Defaults to system temp directory if not
specified.
-s, -subsample [Falco only] makes falco faster (but
possibly less accurate) by only processing
reads that are multiple of this value (using
0-based indexing to number reads). [1]
-b, -bisulfite [Falco only] reads are whole genome
bisulfite sequencing, and more Ts and fewer
Cs are therefore expected and will be
accounted for in base content.
-r, -reverse-complement [Falco only] The input is a
reverse-complement. All modules will be
tested by swapping A/T and C/G
-skip-data [Falco only] Do not create FastQC data text
file.
-skip-report [Falco only] Do not create FastQC report
HTML file.
-skip-summary [Falco only] Do not create FastQC summary
file
-D, -data-filename [Falco only] Specify filename for FastQC
data output (TXT). If not specified, it will
be called fastq_data.txt in either the input
file's directory or the one specified in the
--output flag. Only available when running
falco with a single input.
-R, -report-filename [Falco only] Specify filename for FastQC
report output (HTML). If not specified, it
will be called fastq_report.html in either
the input file's directory or the one
specified in the --output flag. Only
available when running falco with a single
input.
-S, -summary-filename [Falco only] Specify filename for the short
summary output (TXT). If not specified, it
will be called fastq_report.html in either
the input file's directory or the one
specified in the --output flag. Only
available when running falco with a single
input.
-K, -add-call [Falco only] add the command call call to
FastQC data output and FastQC report HTML
(this may break the parse of fastqc_data.txt
in programs that are very strict about the
FastQC output format).
Help options:
-?, -help print this help message
-about print about message
PROGRAM: falco
A high throughput sequence QC analysis tool
If falco
was helpful for your research, you can cite us as follows:
de Sena Brandine G and Smith AD. Falco: high-speed FastQC emulation for quality control of sequencing data. F1000Research 2021, 8:1874 (https://doi.org/10.12688/f1000research.21142.2)

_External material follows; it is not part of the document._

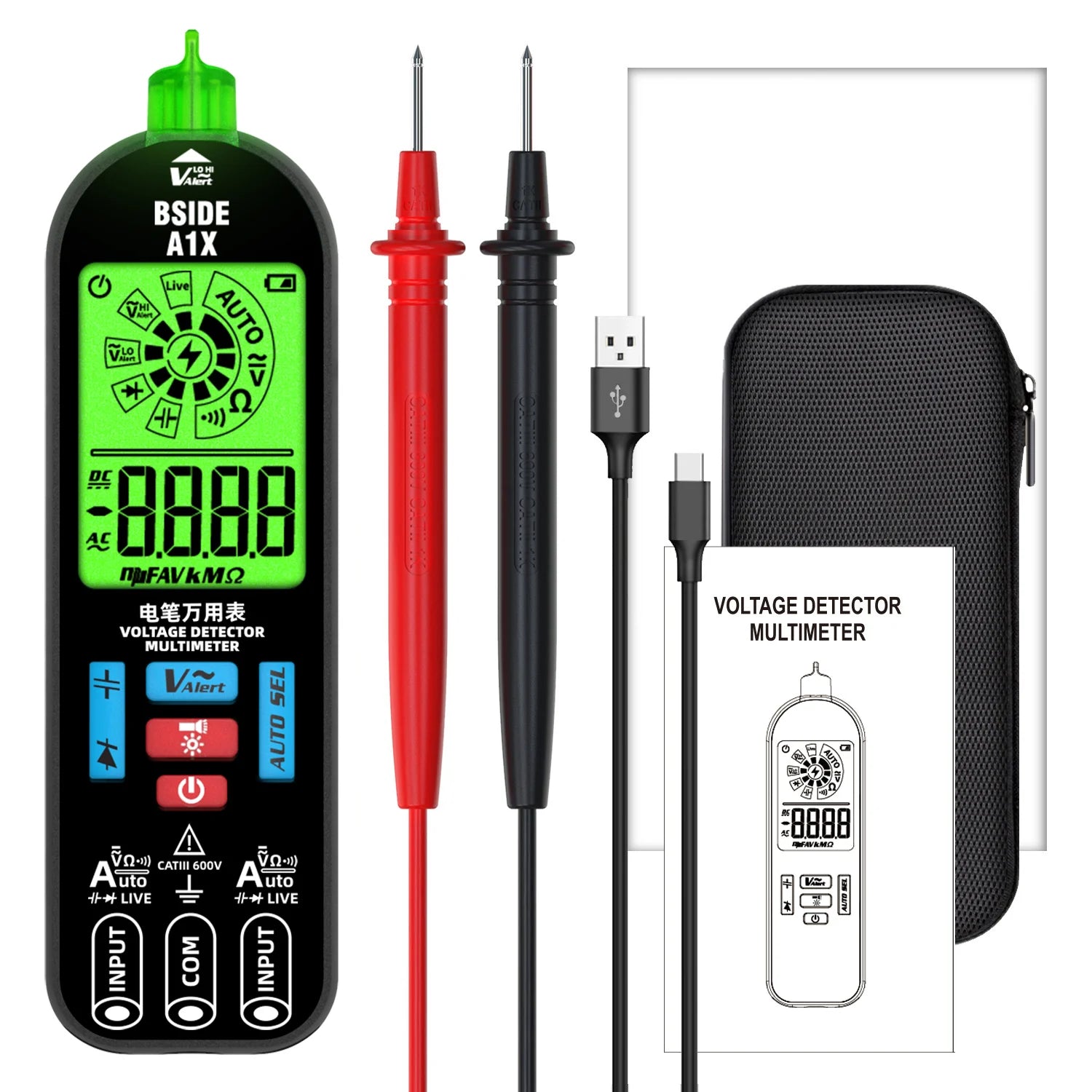 BSIDE NEW Voltage Tester Pen Multimeter Electronic USB Tester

Please do not cite this manuscript if you used FastQC directly and not falco!
Copyright (C) 2019-2022 Guilherme de Sena Brandine and Andrew D. Smith
Authors: Guilherme de Sena Brandine and Andrew D. Smith
This is free software: you can redistribute it and/or modify it under the terms of the GNU General Public License as published by the Free Software Foundation, either version 3 of the License, or (at your option) any later version.
This software is distributed in the hope that it will be useful, but WITHOUT ANY WARRANTY; without even the implied warranty of MERCHANTABILITY or FITNESS FOR A PARTICULAR PURPOSE. See the GNU General Public License for more details.